Dataset records -
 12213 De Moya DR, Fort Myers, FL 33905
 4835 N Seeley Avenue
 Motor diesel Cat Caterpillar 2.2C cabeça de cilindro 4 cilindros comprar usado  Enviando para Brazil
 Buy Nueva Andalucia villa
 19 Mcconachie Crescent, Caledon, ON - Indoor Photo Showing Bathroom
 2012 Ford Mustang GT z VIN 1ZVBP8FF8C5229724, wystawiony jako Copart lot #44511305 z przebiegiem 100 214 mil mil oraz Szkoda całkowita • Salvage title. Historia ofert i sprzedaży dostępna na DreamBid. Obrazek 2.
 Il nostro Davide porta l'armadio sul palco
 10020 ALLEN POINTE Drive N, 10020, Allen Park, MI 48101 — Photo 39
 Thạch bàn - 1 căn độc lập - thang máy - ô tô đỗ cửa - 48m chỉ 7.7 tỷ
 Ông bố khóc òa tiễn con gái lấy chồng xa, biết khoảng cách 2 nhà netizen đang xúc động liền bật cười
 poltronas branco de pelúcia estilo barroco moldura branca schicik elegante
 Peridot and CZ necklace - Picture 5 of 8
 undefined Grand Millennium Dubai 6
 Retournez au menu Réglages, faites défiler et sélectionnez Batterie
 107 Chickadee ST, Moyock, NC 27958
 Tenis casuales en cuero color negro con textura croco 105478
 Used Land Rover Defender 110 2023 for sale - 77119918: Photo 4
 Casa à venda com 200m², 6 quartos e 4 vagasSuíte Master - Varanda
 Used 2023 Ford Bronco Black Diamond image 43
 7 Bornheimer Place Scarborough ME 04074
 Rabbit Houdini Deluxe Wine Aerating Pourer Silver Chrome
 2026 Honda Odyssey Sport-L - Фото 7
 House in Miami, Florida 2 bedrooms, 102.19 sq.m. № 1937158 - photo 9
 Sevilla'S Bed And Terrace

What to work on -
Reproduce the whole listing, exactly.

Task result -
 12213 De Moya DR, Fort Myers, FL 33905
 4835 N Seeley Avenue
 Motor diesel Cat Caterpillar 2.2C cabeça de cilindro 4 cilindros comprar usado  Enviando para Brazil
 Buy Nueva Andalucia villa
 19 Mcconachie Crescent, Caledon, ON - Indoor Photo Showing Bathroom
 2012 Ford Mustang GT z VIN 1ZVBP8FF8C5229724, wystawiony jako Copart lot #44511305 z przebiegiem 100 214 mil mil oraz Szkoda całkowita • Salvage title. Historia ofert i sprzedaży dostępna na DreamBid. Obrazek 2.
 Il nostro Davide porta l'armadio sul palco
 10020 ALLEN POINTE Drive N, 10020, Allen Park, MI 48101 — Photo 39
 Thạch bàn - 1 căn độc lập - thang máy - ô tô đỗ cửa - 48m chỉ 7.7 tỷ
 Ông bố khóc òa tiễn con gái lấy chồng xa, biết khoảng cách 2 nhà netizen đang xúc động liền bật cười
 poltronas branco de pelúcia estilo barroco moldura branca schicik elegante
 Peridot and CZ necklace - Picture 5 of 8
 undefined Grand Millennium Dubai 6
 Retournez au menu Réglages, faites défiler et sélectionnez Batterie
 107 Chickadee ST, Moyock, NC 27958
 Tenis casuales en cuero color negro con textura croco 105478
 Used Land Rover Defender 110 2023 for sale - 77119918: Photo 4
 Casa à venda com 200m², 6 quartos e 4 vagasSuíte Master - Varanda
 Used 2023 Ford Bronco Black Diamond image 43
 7 Bornheimer Place Scarborough ME 04074
 Rabbit Houdini Deluxe Wine Aerating Pourer Silver Chrome
 2026 Honda Odyssey Sport-L - Фото 7
 House in Miami, Florida 2 bedrooms, 102.19 sq.m. № 1937158 - photo 9
 Sevilla'S Bed And Terrace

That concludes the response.